[Data to examine]
[Start of section]

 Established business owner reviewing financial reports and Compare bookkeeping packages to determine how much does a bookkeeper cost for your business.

[End of section]
[Start of section]

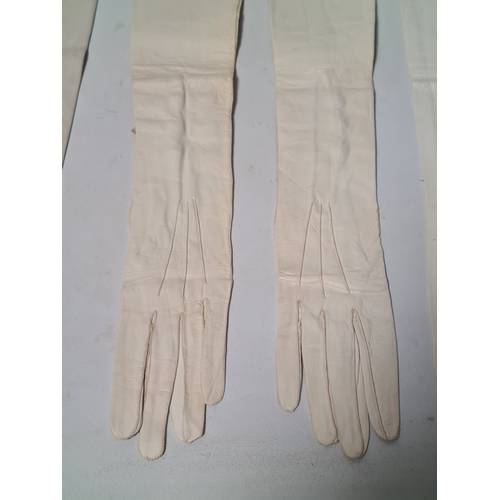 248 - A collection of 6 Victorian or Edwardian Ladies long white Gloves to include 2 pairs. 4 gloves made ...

[End of section]
[Start of section]

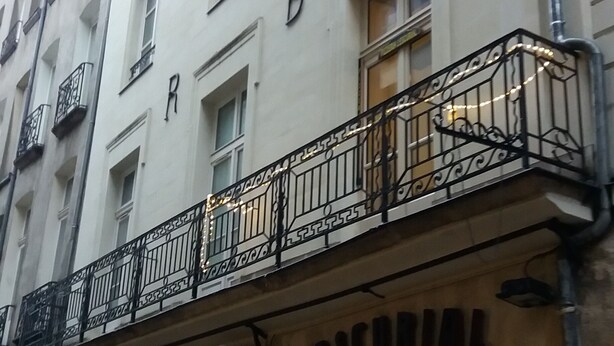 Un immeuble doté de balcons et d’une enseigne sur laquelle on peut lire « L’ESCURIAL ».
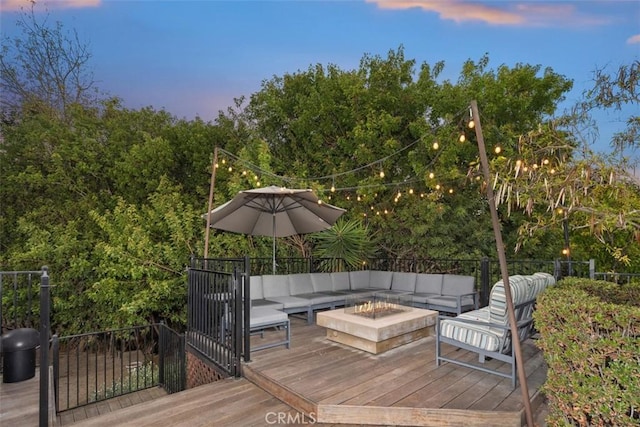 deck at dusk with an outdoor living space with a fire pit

[End of section]

[Exercise description] Using the entries above, transcribe exactly from the line that has "Un immeuble doté" through the line that has "deck at dusk". Pictures are dropped.

[Solution to this task]
 Un immeuble doté de balcons et d’une enseigne sur laquelle on peut lire « L’ESCURIAL ».
 deck at dusk with an outdoor living space with a fire pit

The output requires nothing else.